Mean self-reported physical functioning and health assessment were lower than population means. In fact, physical health scores had the greatest correlation with overall health scores. The lowest health self-assessment scores were seen among those who reported pain, nausea, and exercise intolerance in conjunction with POTS symptoms. Among all respondents, despite improvement overall, 73% reported that they still experienced some degree of physical limitation during vigorous activity, 38% reported some effect on work or other activities, and 50% said that they accomplished less than they would like to accomplish.
These findings demonstrate that a large majority of adolescents with POTS improve over time and that persistence of physical symptoms correlates heavily with perceived health.
Viewpoint
In the introduction to their study,[3] Bhatia and colleagues review published data demonstrating that a multifaceted approach is often the best way to improve symptoms in patients with POTS. My anecdotal experience correlates with their finding that many patients present after an illness or injury, and prolonged inactivity often exacerbates both the real symptoms and the patient's psychological responses to them.

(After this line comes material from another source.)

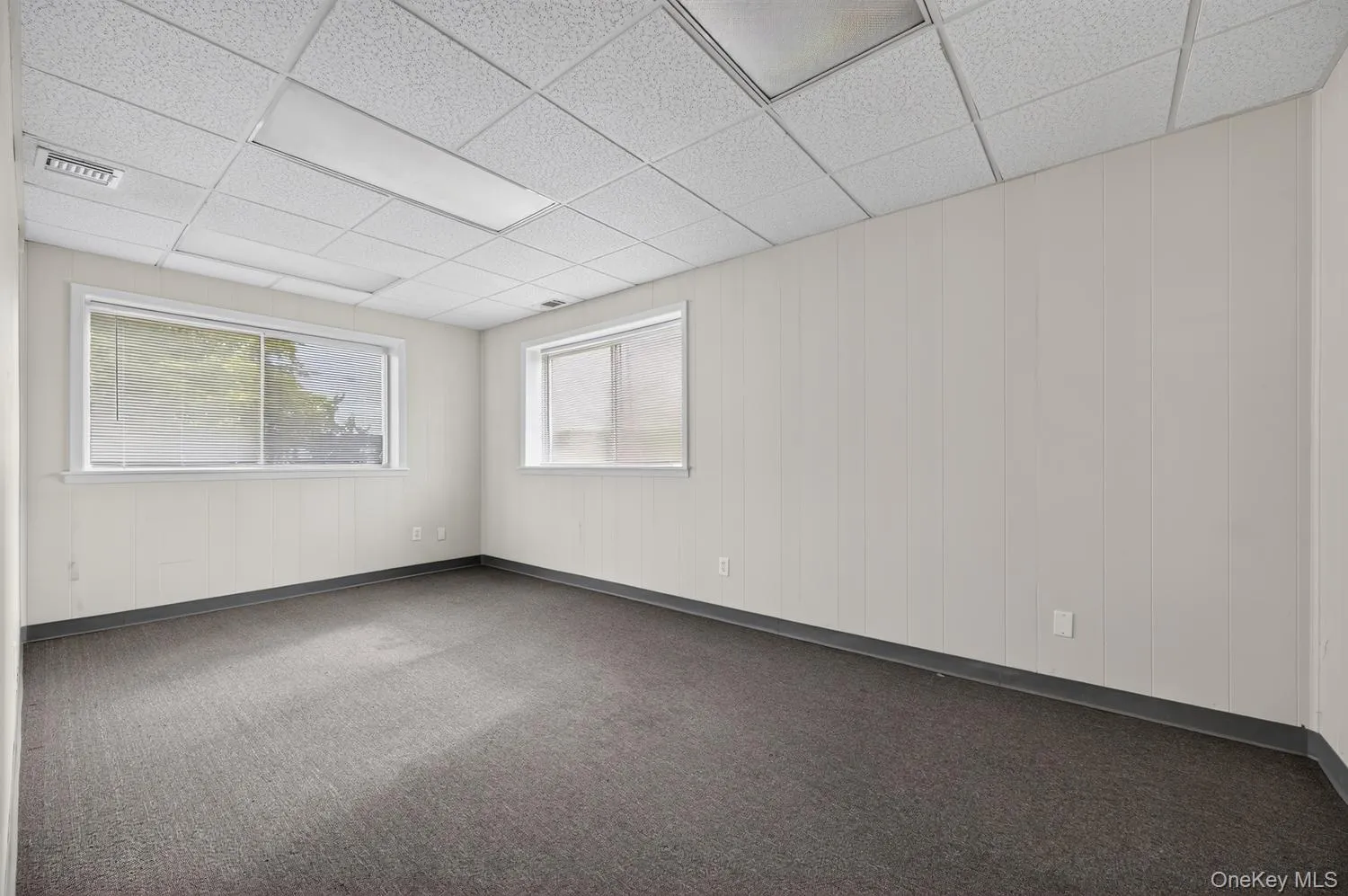 Private Office facing Front of building with large picture window and side window Private Office facing Front of building with large picture window and side window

The take-home message from this study is to remember to offer these families hope, as confirmed by follow-up data on POTS in teens. The biggest concern for these patients is that they will never feel any better, given that they are often experiencing prolonged symptoms by the time they come to medical attention. I plan to use these findings to reinforce with families the need to take a multipronged approach. Searching for additional diagnoses is not always helpful, and rarely does one silver bullet relieve all symptoms.